Pagine

sabato 12 febbraio 2011

Caro blog

Ci rivedremo tra una decina di giorni caro Blog...... me ne vado in Islanda, terra di ghiaccio e fuoco, un binomio assolutamente accattivante da cui mi farò avvolgere e conquistare........farò tante foto e quando scoprirò come si pubblicano su questo blog le inserirò tutte (la mia incompetenza in fato di tecnologia spunta in continuazione)........

giovedì 10 febbraio 2011

Burlesque Movie Clip "Welcome To Burlesque" Official (HD)

effimera realtà

Diciamocelo: siamo immersi nel virtuale con i suoi linguaggi e soprattutto con i suoi tempi. Partirò per qualche giorno e già mi sovviene un dubbio: quanto perderò su facebook?

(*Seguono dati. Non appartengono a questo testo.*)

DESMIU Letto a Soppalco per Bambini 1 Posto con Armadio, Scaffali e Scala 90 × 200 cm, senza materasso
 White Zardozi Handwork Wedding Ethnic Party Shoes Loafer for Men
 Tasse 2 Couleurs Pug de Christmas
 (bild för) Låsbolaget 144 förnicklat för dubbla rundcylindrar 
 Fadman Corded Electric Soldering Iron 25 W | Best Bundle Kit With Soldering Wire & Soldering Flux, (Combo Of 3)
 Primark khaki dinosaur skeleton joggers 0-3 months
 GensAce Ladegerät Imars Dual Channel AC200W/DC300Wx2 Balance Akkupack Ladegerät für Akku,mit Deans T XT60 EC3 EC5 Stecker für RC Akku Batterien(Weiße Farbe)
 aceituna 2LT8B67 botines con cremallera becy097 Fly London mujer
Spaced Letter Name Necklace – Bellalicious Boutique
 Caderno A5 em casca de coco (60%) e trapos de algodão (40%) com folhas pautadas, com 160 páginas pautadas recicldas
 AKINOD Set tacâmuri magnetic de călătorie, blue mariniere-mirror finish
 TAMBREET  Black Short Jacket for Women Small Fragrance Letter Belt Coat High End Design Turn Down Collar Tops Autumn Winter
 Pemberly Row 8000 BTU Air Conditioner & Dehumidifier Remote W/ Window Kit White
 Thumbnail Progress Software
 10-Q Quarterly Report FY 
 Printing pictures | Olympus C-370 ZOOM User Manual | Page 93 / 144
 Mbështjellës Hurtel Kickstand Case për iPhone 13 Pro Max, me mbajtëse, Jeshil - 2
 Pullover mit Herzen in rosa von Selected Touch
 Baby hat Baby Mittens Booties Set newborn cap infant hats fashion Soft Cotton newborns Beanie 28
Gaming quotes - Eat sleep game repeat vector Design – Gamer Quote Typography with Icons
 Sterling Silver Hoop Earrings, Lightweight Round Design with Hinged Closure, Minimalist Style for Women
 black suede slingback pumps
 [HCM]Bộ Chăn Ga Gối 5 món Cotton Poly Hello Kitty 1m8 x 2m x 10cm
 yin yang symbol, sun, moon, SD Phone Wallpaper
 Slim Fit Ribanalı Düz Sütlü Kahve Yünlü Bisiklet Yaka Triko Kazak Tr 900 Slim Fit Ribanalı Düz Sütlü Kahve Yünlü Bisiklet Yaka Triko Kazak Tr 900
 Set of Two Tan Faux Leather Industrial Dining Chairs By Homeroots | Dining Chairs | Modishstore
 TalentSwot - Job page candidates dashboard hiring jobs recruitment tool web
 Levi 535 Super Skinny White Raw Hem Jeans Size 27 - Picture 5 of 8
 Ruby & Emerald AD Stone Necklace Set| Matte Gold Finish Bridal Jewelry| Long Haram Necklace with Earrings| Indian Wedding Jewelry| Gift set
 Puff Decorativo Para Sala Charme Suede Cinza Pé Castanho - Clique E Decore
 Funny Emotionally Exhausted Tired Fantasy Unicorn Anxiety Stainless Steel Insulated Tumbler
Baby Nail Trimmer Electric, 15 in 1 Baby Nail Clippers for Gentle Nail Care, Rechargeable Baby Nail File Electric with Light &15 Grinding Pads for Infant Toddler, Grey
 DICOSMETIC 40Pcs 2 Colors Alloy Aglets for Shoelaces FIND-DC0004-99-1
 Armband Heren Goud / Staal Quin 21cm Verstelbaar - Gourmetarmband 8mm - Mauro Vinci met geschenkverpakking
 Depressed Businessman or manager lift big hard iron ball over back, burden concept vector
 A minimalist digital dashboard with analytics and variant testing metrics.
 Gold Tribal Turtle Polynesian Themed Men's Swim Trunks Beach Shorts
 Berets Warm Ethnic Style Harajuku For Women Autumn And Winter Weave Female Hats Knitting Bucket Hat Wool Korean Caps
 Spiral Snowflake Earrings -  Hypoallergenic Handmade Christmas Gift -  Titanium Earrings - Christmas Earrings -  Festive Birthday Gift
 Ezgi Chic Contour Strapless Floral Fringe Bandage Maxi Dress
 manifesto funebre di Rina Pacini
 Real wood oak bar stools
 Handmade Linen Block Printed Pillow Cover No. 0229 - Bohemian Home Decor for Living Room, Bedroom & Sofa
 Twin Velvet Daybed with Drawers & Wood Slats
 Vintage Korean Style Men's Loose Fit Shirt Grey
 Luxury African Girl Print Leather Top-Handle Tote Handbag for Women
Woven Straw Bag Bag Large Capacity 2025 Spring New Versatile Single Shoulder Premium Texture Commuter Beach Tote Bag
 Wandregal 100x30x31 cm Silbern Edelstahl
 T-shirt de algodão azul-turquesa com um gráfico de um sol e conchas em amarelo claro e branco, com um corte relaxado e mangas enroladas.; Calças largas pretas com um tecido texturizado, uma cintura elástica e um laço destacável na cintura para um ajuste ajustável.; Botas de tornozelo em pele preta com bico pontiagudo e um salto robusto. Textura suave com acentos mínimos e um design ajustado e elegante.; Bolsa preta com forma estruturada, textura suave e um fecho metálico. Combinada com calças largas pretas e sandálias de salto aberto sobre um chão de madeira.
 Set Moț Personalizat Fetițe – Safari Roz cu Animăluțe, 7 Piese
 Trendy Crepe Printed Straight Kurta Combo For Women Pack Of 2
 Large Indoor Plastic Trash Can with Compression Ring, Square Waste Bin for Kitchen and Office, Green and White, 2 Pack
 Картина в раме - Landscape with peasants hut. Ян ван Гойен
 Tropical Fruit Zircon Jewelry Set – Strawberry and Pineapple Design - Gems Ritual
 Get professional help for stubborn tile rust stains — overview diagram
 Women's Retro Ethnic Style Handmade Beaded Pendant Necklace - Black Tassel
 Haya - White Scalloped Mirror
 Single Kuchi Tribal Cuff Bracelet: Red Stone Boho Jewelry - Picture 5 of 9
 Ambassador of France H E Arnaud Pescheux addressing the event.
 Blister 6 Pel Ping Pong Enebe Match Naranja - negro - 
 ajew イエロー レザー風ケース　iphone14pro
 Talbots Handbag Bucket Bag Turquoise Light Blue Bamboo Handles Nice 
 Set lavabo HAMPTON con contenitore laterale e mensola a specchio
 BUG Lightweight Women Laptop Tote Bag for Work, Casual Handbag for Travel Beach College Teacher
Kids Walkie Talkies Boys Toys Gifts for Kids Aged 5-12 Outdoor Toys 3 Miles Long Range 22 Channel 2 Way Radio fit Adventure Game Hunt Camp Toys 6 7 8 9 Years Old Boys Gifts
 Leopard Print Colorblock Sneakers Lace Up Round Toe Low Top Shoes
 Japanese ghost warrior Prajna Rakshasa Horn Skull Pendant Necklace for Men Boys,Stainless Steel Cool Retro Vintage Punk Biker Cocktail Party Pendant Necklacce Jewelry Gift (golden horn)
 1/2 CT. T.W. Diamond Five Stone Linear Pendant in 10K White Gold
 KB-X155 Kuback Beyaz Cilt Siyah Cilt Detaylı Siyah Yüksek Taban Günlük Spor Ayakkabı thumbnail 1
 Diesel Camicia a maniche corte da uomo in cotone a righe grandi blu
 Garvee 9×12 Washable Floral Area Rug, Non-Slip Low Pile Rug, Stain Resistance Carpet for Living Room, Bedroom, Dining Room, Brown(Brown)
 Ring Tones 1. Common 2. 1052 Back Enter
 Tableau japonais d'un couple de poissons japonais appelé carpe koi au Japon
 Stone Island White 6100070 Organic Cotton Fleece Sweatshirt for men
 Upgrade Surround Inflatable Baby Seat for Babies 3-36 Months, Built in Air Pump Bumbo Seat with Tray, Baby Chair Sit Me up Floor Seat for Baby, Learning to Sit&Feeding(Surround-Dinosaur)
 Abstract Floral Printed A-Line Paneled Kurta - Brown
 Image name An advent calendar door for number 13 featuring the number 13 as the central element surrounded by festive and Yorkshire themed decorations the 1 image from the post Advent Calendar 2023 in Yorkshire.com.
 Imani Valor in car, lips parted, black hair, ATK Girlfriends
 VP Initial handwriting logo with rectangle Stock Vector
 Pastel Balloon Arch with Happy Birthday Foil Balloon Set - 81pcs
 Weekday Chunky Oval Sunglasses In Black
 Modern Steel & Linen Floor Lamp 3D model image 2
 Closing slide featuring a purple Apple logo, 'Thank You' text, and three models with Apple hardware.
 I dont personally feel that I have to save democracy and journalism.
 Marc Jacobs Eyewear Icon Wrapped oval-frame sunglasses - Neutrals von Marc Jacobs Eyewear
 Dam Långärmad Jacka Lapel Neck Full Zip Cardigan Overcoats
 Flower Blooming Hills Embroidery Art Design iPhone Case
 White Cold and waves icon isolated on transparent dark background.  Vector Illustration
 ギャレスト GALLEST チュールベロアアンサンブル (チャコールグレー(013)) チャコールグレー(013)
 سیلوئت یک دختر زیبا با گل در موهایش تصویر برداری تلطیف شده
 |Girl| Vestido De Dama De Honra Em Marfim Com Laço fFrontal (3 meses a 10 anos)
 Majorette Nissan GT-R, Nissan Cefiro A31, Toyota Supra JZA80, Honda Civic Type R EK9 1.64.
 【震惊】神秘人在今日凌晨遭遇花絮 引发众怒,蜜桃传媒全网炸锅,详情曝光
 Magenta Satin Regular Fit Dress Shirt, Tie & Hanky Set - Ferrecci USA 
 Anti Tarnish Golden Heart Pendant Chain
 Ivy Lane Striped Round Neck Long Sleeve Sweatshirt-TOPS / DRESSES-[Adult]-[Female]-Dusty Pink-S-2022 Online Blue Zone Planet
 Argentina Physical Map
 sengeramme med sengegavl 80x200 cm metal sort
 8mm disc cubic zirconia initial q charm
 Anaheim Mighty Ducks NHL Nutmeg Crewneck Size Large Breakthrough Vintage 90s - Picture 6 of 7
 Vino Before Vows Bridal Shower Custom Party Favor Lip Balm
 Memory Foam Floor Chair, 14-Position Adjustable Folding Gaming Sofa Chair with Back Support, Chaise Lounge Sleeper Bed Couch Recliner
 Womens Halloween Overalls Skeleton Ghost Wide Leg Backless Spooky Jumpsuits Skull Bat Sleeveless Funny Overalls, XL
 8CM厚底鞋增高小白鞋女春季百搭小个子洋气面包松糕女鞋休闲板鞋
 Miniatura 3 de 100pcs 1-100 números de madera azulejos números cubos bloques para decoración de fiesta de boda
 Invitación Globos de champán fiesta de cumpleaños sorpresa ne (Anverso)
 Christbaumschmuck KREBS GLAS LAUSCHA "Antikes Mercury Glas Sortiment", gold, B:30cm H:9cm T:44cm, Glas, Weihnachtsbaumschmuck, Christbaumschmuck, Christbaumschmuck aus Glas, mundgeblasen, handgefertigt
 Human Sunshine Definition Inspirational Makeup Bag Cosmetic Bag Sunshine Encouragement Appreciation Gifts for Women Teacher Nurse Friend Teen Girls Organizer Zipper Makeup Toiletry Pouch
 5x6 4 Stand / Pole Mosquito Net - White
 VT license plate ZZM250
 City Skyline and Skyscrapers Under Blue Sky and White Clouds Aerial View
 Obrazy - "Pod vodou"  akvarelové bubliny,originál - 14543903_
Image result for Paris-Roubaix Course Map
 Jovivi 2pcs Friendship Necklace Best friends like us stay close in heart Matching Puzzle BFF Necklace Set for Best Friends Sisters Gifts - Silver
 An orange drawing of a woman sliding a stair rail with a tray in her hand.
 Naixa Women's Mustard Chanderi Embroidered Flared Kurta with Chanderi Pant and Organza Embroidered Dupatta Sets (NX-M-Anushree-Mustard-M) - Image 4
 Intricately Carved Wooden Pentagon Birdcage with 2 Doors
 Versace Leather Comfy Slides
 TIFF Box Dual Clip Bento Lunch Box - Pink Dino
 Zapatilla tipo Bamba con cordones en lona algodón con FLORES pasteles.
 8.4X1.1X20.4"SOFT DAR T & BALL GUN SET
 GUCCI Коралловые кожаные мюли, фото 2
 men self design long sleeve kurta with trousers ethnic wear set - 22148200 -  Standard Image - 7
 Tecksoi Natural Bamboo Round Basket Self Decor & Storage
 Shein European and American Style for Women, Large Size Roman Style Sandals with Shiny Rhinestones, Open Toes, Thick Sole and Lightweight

Direte, ma che t'importa?...in effetti poco, visto che il luogo dove andrò, è stato sperato, sognato, desiderato, ma allo stesso tempo perderò qualcosa.....infatti a mio avviso facebook ha un grosso difetto, non sa conservare memoria di ciò che si scrive...... è effimero....così perderò tante cose inutili e riptitive, ma anche tante cose che m'interessano. Non ne faccio un questione voyeristica, assolutamente, mi rendo semplicemente conto che i miei amici comunicano in modo diverso e addirittura il telefono diventa antico e superato. Di contro, rifletto e mi chiedo l'utilità di questi social network e mi accorgo che a volte è un surrogato della piazza in cui un tempo uscivamo a fare la passeggiata......un luogo dove non sei solo. 
In fondo però chi non è in grado di sopportare la propria solitudine non è nemmeno capace di vivere liberamente. Per essere liberi bisogna radicarsi in una dimensione interiore di solitudine, e per poter affrontare la propria solitudine bisogna desiderare, più d’ogni altra cosa, la libertà. Essere soli non significa però ritirarsi su un monte o rinchiudersi in casa e non vedere più nessuno. La solitudine di cui parlo è una solitudine interiore, è una condizione in cui la nostra coscienza non è più compromessa e fusa assieme alle spinte del desiderio e dei condizionamenti ambientali e culturali. Quando la nostra coscienza diviene capace di scegliere e agire unicamente in base alla sua “legge interna”, alla sua profonda, intima e personale percezione del bene, ecco che la libertà è realizzata, tutte le paure sono state dissolte e la nostra solitudine interiore non ci terrorizza più, ma, anzi, diviene la nostra più cara e inviolabile dimora. ----proprio allora Facebook e company diventano un luogo dove "vivere" se stessi in una dimensione assolutamente identica alla realtà, prchè dopotutto è reale....
  Una realtà fugace, ma reale

domenica 6 febbraio 2011

l'Islanda è uno di quei luoghi che vedrò, me lo sento

Nirvana

Nirvana
Mi piacerebbe esssere cercata,
cercata  da te........
da te che m'hai stregato la mente,
 la mente che costruisce incredibili pensieri,
 pensieri fatti di leggera follia,
 follia incredibilmente avvolgente,
 avvolgente come quella seta pensata di acquistare in un mercatino del Giappone.....
Giappone lontano, immaginato ninfeo....
(anonimo)

lunedì 3 gennaio 2011

libertà di stampa o stampa in libertà?

A volte nelle pagine di un libro riesci a trovare le parole che correvano in disordine nei tuoi pensieri. La bellezza della carta stampata è che lei resta lì a tua disposizione, non scappa. Internet è sfuggente e qualche volta non ti lascia il tempo di  riflettere........le parole a volte sfuggono, non solo quando leggi, ma anche a te che le scrivi, poì capita che utilizzi parole non facenti parte della matrice del tuo pensiero e così scrivi altro.......scrivi pensieri che erano nati completamente con un altro tono........avresti voluto scrivere che sei arrabbiato, incazzato nero, sulla tua tastiera digiti che ami follemente un clochard e poi cancelli, avresti voluto scrivere che il governo ladro ti ha rubato anche le ultime 500,00 euro.... e invece sapendo che leggeranno tutti ti trovi a scrivere che le giornate non sono tutte uguali, che a volte la vita prende delle strane pieghe..........mi chiedo il problema è la libertà di stampa o la stampa in libertà???